_TASK GOAL_: Reproduce exactly, and nothing but, the lines between the one with "what fuel does a bugatti use" and the end of the entries, both ends included.

_RECORDS FOR THIS TASK_:
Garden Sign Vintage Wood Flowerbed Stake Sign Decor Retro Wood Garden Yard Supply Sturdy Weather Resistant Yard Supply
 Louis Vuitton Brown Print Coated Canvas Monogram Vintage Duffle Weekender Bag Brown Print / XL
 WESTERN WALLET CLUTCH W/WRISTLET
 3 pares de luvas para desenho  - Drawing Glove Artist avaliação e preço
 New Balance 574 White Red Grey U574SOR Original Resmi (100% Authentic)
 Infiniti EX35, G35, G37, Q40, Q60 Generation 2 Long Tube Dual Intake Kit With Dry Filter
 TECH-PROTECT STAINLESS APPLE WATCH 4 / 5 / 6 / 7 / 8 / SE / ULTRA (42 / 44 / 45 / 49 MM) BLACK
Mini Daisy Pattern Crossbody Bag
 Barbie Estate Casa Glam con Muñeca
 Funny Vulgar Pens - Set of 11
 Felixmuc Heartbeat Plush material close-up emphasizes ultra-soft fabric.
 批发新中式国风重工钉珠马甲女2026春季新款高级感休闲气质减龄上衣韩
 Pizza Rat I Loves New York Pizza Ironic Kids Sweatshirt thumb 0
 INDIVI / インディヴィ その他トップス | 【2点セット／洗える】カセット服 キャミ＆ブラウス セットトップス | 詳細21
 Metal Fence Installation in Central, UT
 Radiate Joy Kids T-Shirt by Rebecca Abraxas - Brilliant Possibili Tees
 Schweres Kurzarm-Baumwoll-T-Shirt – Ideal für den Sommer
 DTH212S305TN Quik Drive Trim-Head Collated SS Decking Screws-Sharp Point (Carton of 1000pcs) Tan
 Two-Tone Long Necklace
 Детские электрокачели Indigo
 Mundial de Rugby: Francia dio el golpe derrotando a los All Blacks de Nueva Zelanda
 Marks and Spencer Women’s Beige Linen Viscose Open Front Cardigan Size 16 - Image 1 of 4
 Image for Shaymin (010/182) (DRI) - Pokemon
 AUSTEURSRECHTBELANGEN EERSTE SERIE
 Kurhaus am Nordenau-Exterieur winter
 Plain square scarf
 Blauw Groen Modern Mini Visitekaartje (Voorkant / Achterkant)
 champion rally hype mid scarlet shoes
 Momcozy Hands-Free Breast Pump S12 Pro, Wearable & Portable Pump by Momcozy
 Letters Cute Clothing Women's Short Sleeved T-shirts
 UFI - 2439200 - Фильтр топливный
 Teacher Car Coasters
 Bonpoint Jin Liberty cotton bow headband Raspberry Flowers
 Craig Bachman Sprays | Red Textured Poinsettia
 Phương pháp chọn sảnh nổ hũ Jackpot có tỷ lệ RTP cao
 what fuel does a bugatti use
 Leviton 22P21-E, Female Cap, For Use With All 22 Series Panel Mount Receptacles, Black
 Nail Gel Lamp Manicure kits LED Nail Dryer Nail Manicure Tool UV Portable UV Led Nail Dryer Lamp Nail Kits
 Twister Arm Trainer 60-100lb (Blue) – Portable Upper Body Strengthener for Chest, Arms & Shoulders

_RESPONSE TO THIS TASK_:
 what fuel does a bugatti use
 Leviton 22P21-E, Female Cap, For Use With All 22 Series Panel Mount Receptacles, Black
 Nail Gel Lamp Manicure kits LED Nail Dryer Nail Manicure Tool UV Portable UV Led Nail Dryer Lamp Nail Kits
 Twister Arm Trainer 60-100lb (Blue) – Portable Upper Body Strengthener for Chest, Arms & Shoulders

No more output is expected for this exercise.